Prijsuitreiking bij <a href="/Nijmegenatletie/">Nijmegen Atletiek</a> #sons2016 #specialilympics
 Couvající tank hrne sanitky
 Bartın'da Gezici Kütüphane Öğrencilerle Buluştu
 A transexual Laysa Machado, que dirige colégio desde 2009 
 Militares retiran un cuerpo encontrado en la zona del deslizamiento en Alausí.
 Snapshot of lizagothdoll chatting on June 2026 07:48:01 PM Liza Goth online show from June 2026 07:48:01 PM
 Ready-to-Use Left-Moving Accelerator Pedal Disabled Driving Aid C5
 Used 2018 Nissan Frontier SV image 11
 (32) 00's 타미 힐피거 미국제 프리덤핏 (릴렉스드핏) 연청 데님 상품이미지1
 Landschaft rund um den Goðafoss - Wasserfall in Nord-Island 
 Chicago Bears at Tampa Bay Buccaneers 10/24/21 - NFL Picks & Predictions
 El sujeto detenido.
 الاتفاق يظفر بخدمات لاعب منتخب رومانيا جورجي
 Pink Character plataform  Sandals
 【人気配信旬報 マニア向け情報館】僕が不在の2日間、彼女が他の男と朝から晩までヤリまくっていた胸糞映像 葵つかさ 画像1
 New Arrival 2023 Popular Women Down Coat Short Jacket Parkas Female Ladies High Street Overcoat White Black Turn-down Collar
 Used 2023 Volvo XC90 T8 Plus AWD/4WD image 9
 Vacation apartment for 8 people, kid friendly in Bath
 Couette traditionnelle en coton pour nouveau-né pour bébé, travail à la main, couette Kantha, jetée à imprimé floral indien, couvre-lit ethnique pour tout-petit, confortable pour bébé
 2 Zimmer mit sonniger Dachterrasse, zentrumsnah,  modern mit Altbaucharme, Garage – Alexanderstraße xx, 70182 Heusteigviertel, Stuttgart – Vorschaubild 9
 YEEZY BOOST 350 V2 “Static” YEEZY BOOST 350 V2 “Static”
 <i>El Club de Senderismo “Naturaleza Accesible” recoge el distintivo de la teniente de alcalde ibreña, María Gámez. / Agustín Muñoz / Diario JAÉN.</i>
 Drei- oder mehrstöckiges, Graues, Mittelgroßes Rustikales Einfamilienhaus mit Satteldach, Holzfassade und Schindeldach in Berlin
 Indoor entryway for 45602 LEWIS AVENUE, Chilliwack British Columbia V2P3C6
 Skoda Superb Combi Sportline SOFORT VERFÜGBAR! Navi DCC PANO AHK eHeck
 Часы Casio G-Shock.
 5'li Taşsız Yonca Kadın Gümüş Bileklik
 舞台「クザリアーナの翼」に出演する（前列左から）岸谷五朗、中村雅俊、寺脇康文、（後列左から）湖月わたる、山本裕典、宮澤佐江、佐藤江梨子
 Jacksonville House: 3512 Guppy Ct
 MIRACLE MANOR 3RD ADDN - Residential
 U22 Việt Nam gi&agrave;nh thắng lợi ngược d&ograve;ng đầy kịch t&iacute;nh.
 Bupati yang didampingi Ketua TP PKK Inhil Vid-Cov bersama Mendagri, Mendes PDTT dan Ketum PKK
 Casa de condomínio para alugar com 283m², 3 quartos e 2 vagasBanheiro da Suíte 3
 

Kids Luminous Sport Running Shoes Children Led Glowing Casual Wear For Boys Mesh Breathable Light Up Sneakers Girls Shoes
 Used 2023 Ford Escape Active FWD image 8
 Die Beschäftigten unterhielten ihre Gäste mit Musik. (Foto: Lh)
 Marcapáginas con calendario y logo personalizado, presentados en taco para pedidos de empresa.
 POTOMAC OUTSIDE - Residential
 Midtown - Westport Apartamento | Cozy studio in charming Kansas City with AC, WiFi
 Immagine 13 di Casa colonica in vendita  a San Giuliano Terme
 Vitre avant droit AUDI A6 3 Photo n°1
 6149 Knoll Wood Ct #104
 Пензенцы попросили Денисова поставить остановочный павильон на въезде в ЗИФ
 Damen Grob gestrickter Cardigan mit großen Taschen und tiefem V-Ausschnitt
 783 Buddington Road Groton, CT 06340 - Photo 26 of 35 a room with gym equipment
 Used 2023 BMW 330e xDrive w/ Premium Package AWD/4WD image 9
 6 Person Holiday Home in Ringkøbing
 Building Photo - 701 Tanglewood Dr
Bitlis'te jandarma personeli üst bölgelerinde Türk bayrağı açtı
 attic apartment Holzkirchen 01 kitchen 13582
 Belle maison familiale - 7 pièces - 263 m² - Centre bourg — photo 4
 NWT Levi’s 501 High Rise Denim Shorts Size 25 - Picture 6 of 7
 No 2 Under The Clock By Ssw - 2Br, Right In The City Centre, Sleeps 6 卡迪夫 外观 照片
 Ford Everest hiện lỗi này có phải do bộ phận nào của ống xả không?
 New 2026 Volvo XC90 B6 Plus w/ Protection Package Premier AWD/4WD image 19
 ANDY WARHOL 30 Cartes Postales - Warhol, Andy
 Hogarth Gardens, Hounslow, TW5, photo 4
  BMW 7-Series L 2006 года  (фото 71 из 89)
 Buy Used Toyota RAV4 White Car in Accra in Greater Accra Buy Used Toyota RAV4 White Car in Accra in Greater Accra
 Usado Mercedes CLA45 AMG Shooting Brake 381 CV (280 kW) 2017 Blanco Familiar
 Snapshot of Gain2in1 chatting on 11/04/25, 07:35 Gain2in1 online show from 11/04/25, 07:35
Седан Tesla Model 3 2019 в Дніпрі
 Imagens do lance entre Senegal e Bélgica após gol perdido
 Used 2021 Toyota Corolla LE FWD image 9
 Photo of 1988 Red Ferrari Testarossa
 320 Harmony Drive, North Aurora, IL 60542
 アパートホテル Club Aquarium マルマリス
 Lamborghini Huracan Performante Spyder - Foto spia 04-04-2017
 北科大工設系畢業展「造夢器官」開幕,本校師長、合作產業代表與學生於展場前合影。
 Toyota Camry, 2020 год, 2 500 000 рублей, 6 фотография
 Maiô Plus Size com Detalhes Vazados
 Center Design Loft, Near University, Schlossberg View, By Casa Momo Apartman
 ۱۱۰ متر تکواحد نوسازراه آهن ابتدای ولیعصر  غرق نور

----

• [Your objective]
Reproduce exactly the lines above from the line with "MIRACLE MANOR 3RD ADDN - Residential" to the line with "Die Beschäftigten unterhielten", including both, and add nothing.

• [Exercise response]
 MIRACLE MANOR 3RD ADDN - Residential
 U22 Việt Nam gi&agrave;nh thắng lợi ngược d&ograve;ng đầy kịch t&iacute;nh.
 Bupati yang didampingi Ketua TP PKK Inhil Vid-Cov bersama Mendagri, Mendes PDTT dan Ketum PKK
 Casa de condomínio para alugar com 283m², 3 quartos e 2 vagasBanheiro da Suíte 3
 

Kids Luminous Sport Running Shoes Children Led Glowing Casual Wear For Boys Mesh Breathable Light Up Sneakers Girls Shoes
 Used 2023 Ford Escape Active FWD image 8
 Die Beschäftigten unterhielten ihre Gäste mit Musik. (Foto: Lh)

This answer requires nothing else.